**Task instructions:** Could you copy exactly the lines below from the one with "I'll go ahead" to the one with "Step number five, pour", inclusive, leaving out any pictures?

**Materials provided:**

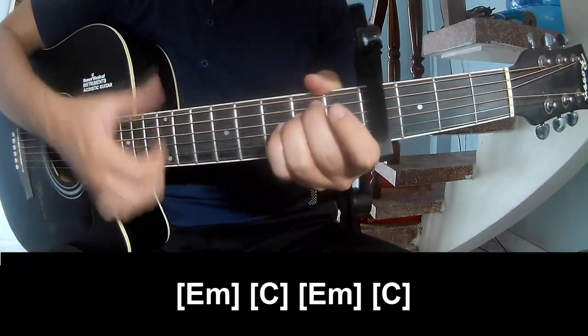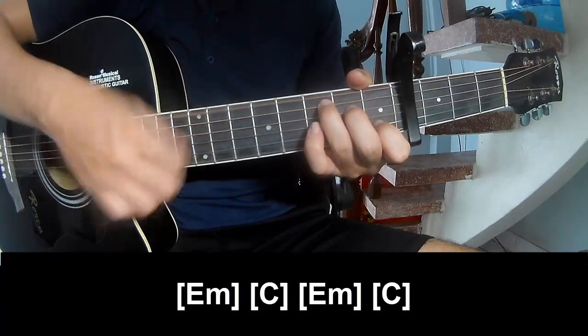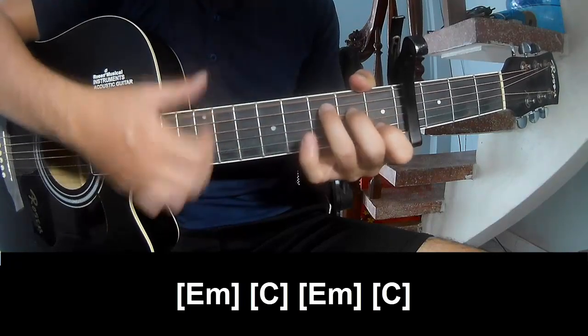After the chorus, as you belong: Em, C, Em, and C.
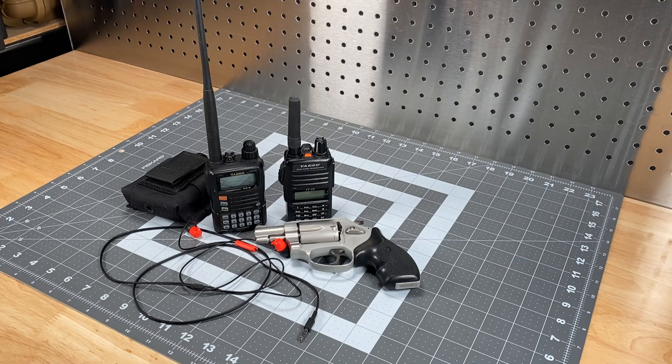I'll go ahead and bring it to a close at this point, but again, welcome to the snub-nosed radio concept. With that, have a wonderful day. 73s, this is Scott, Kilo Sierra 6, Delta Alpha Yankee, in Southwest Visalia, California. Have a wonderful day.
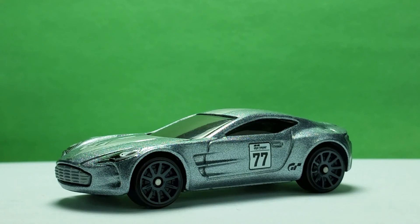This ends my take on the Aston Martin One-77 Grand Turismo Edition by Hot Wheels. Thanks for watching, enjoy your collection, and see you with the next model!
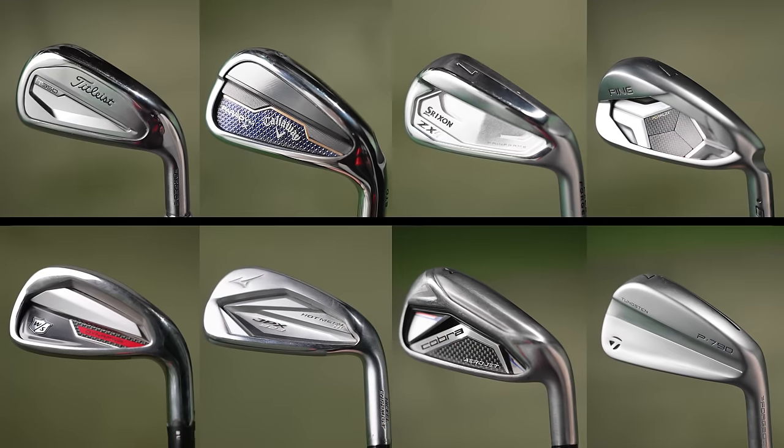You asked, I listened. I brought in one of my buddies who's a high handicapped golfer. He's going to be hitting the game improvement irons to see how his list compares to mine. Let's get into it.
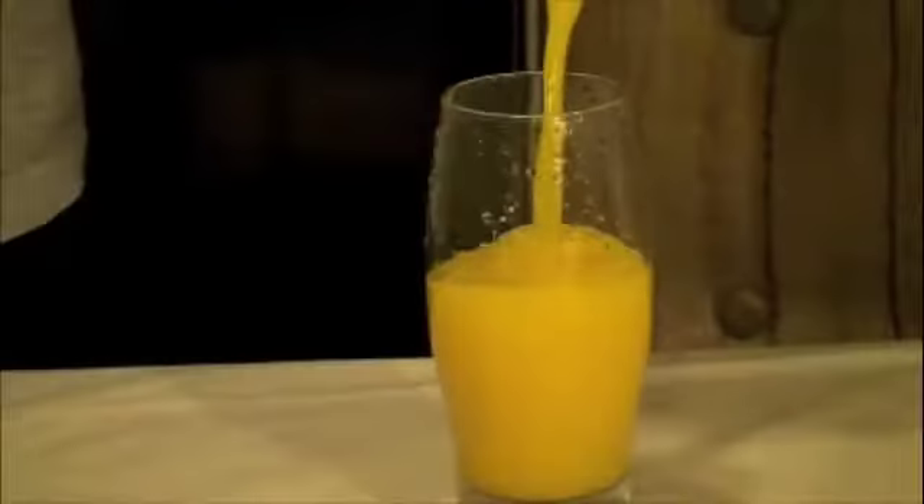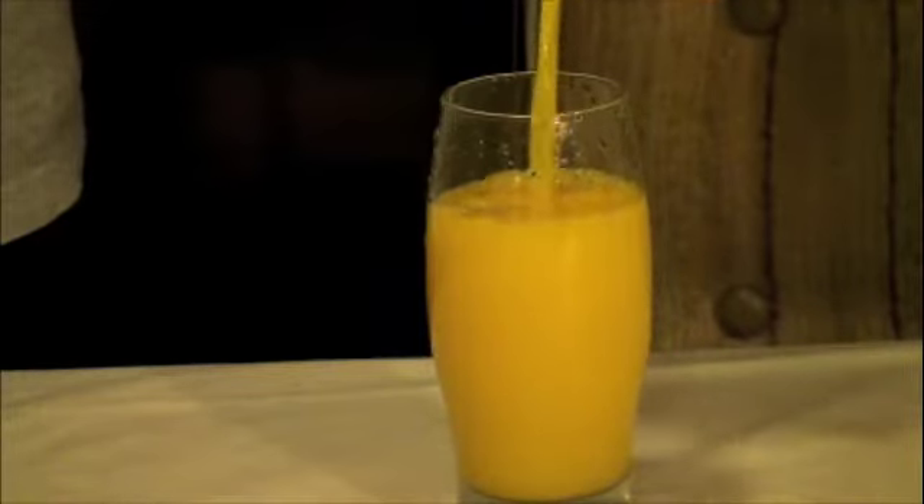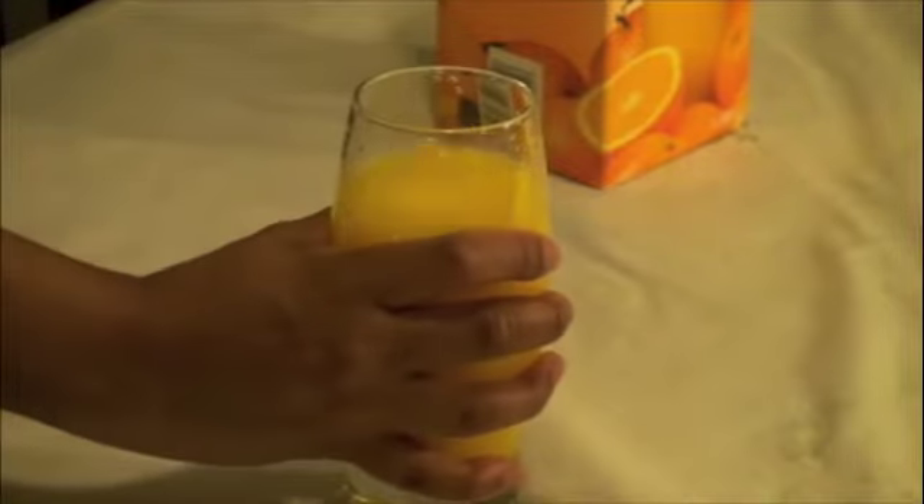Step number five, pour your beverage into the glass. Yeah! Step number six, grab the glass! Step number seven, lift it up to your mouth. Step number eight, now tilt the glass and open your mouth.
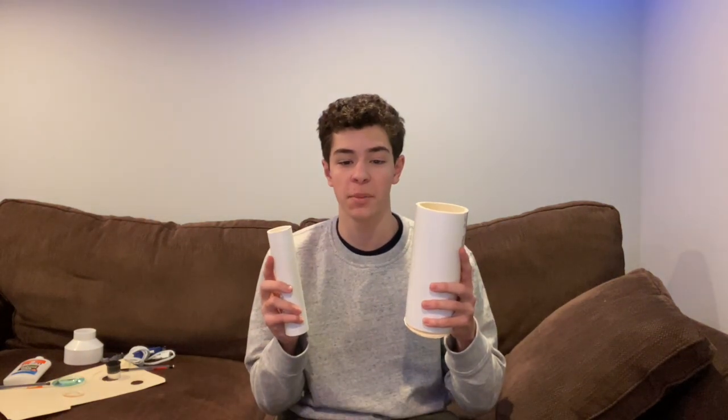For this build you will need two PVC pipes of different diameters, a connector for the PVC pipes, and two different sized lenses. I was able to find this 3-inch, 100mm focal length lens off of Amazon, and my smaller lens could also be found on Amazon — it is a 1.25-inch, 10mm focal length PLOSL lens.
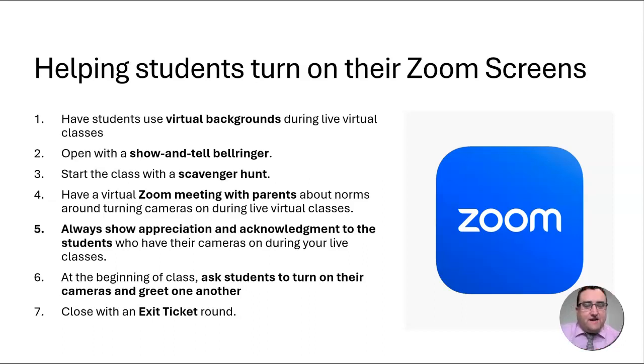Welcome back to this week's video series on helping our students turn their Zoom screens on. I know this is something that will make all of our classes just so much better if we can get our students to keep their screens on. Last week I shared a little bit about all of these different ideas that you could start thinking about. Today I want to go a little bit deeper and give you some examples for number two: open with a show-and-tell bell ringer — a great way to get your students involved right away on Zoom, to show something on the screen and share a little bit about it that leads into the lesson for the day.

**Answer:**
I'll go ahead and bring it to a close at this point, but again, welcome to the snub-nosed radio concept. With that, have a wonderful day. 73s, this is Scott, Kilo Sierra 6, Delta Alpha Yankee, in Southwest Visalia, California. Have a wonderful day.
This ends my take on the Aston Martin One-77 Grand Turismo Edition by Hot Wheels. Thanks for watching, enjoy your collection, and see you with the next model!
You asked, I listened. I brought in one of my buddies who's a high handicapped golfer. He's going to be hitting the game improvement irons to see how his list compares to mine. Let's get into it.
Step number five, pour your beverage into the glass. Yeah! Step number six, grab the glass! Step number seven, lift it up to your mouth. Step number eight, now tilt the glass and open your mouth.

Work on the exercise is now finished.